5. Creating a synthetic identity
How it works:- Carders combine stolen data (including biometrics) with fictitious ones to create "synthetic identities." These profiles are then registered as new users at banks or stores.
- Example: using a stolen biometric template + fake passport to open an account or obtain a credit card.
Why it is effective:
- Synthetic fraud is more difficult to detect because systems do not see a direct match with stolen data.
- Deloitte predicts that synthetic fraud will account for 30% of all fraudulent transactions by 2030.
Example from practice:
- In 2024, "combo packs" containing biometrics, passport data, and card numbers for creating synthetic profiles appeared on the darknet.
- In Russia, carders use such profiles to register "mules" (front men) through banks' biometric systems.
Technical details:
- Generative AI models (such as Stable Diffusion) are used to create fake passport photos.
- Data is purchased on the darknet (markets like Genesis Market).
Trends and statistics
- Rise of social engineering: According to Verizon's DBIR 2024, 68% of attacks on financial systems began with phishing or vishing. Biometrics have increased the popularity of these methods, as direct hacking is difficult.
- AI as a tool for carders: Since 2023, AI tools (deepfakes, voice clones) have become available on the darknet for $50–$200, lowering the barrier to entry for carders.
- Reduced attack success: According to Mastercard, biometrics have reduced the success of fraudulent transactions by 60-70%, but carders compensate for this with volume (millions of stolen cards).
- Regional characteristics: In Russia, carders actively use Telegram channels to sell biometric dumps. According to Group-IB, over 500 carding-related channels were discovered on Telegram in 2024.
- Synthetic Fraud on the Rise: Juniper Research predicts that losses from synthetic fraud will reach $15 billion annually by 2028.
How to protect yourself from adapted carder schemes
It's important for users and organizations to understand how to minimize risks. Here are detailed recommendations:For users
- Transaction monitoring:
- Enable push notifications in your banking app for all transactions.
- Check your statements weekly to spot small "test" transactions.
- Two-factor authentication (2FA):
- Use hardware keys (YubiKey, Google Titan) instead of SMS, as SMS are easily intercepted through SIM swapping.
- Do not confirm transactions with calls from "banks".
- Anti-phishing:
- Install antivirus software (Kaspersky, ESET) to protect against phishing sites and malware.
- Check website URLs (for example, https://bank.com, not http://bank-secure.com).
- Card restrictions:
- Use virtual cards for online purchases with limits (for example, 1000 rubles).
- Disable online transactions for your primary cards in your bank app.
- Education:
- Ignore calls from "banks" asking you to confirm a transaction or enter biometrics.
- Take cybersecurity courses (for example, on the Coursera platform or from banks).
For organizations
- Biometrics enhancement:
- Use 3D facial recognition instead of 2D to protect against deepfakes.
- Implement behavioral biometrics (analysis of movements, input patterns).
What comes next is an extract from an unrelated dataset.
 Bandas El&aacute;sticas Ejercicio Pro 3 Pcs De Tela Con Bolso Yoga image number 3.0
- Monitoring and analytics:
- Use fraud monitoring systems (FICO Falcon, SAS) to analyze transactions in real time.
- Monitor for anomalies such as multiple small transactions.
- Customer training:
- Conduct phishing and vishing awareness campaigns.
- Send out instructions on how to use biometrics securely.
- System update:
- Completely abandon 3DS 1.0 and legacy protocols.
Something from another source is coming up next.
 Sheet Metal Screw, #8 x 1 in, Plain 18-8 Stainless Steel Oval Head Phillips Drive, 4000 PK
- Update APIs regularly and check them for vulnerabilities.
Future Challenges and Forecasts
- AI as a threat: Generative AI models (deepfakes, voice clones) will make biometric spoofing cheaper and more accessible. By 2030, Deloitte predicts, synthetic fraud will increase by 250%.
- Quantum Threat: With the development of quantum computing (expected by 2035), biometric data hashes may become vulnerable to decryption.
- Regulation: Biometric requirements are becoming stricter in the EU (PSD2) and Russia (Federal Law No. 161 "On the National Payment System"), but carders will continue to look for loopholes in countries with less stringent regulations.